Barry Bonds is the first batter in the entire history of the National League—going back into the 19th century—to have a slugging average over .800. The only other player in the history of baseball to slug over .800 was Babe Ruth, who did it two seasons in a row.
In other words, a slugging average of .800 is rarer than a batting average of .400. The last player to hit .400—Ted Williams—did it 60 years ago. But Ruth slugged .800 twenty years before that—and nobody else has done it again until this year.
Slugging averages tell you more than either batting averages or home run totals. As far as batting averages are concerned, a bunt single and a tape-measure home run are the same. But they are rarely the same in their effect on the outcome of a ball game.
The total number of home runs is not the whole story either. The year that Roger Maris broke Babe Ruth's record for home runs in a season, Mickey Mantle actually hit home runs in a higher percentage of his times at bat. It is just that Mantle was walked more than Maris. A big reason why Maris was walked less than a hundred times that year was that Mantle was on deck. Walking Maris would just get you in deeper and deeper.

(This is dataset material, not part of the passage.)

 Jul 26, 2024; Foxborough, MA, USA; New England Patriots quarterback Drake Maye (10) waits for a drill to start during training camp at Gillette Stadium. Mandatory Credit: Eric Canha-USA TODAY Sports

Just as batting averages count hits in proportion to your times at bat, slugging averages count your total bases in proportion to your times at bat. If you hit a single and a double in five times at bat, that's three total bases and a slugging average of .600. That slugging average for a whole season is rarer than a batting average of .300.
A slugging average of .700 is of course even r
arer. Some of the great sluggers of all time—Joe DiMaggio, Hank Aaron, Willie Mays—never reached a slugging average of .700 in even their best seasons. So a slugging average over .800 is practically unheard of.

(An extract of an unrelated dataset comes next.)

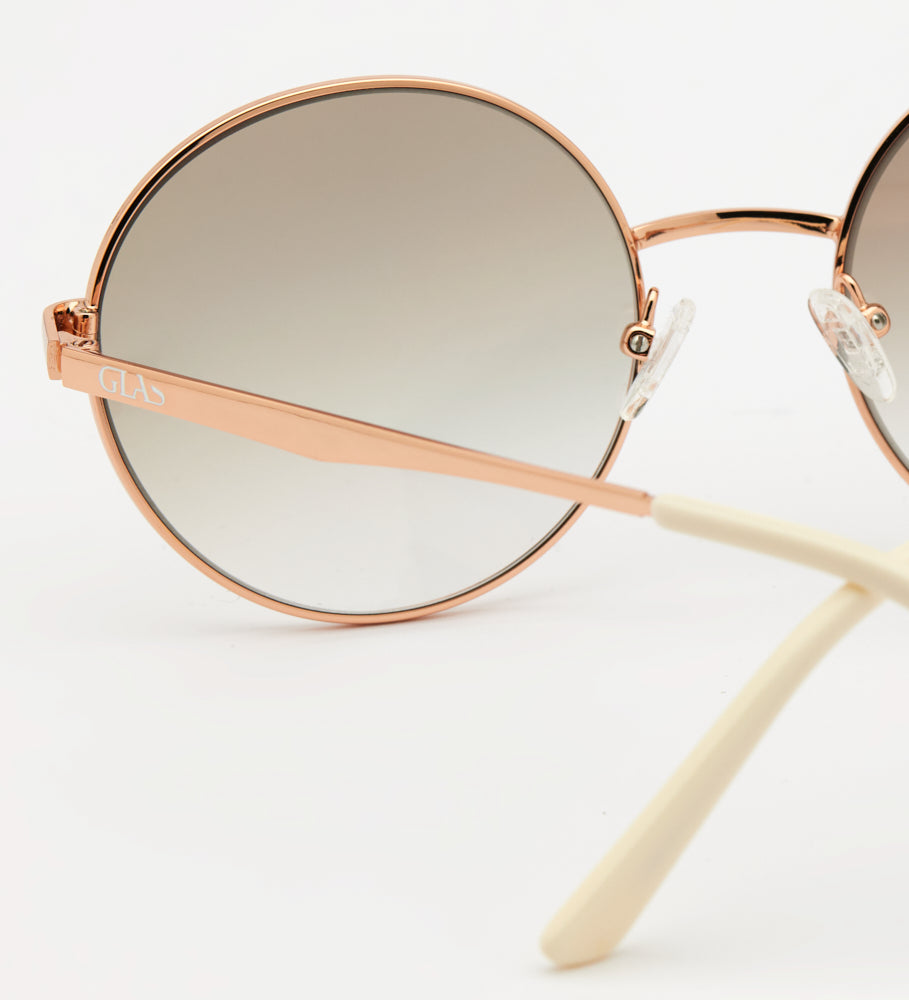 Læsebrille med solbeskyttelse model Grace i rose gold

What does an .800 slugging average mean? It means 8 total bases every ten times at bat—all season long. You can get 8 total bases with two singles, a double and a home run. Or you can do it with two home runs or four doubles or other combinations. But, however you do it, it is hard to keep on doing it for a whole season. Only Barry and the Babe have done that.

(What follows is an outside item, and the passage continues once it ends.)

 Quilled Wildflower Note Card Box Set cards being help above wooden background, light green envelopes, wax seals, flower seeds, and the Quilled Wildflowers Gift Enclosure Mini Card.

It is not coincidental that Ruth and Bonds each holds his respective league's season records for being walked. These are not the kind of guys you can afford to pitch to when the game is on the line. It is significant that Bonds hit his 70th home run in the last inning of a game where the score was 9 to 2. He had been walked again and again earlier in that game and in previous games when the score was close.
Where does this incredible season put Bonds among the all-time greats? It certainly moves him up the list but one season is not a whole career. Like Roger Maris, Bonds hit over 20 home runs more in his record-breaking season than he did in any other season. Will he turn out to be a one-year wonder, like Maris?
This is not to say that Bonds would not have been a star player, even if he had never had this spectacular season. He would have been headed for Cooperstown anyway. Maris too was an outstanding player and had won the Most Valuable Player award the year before breaking the home run record, as well as in that year.
But if you are talking about being up there in the rarefied atmosphere of Babe Ruth, that is another story. Bonds never had a slugging average of .700 before this year. Mark McGwire reached that level twice and Babe Ruth nine times. Ruth's lifetime slugging average was .690, a level Bonds never reached in his best season before this year.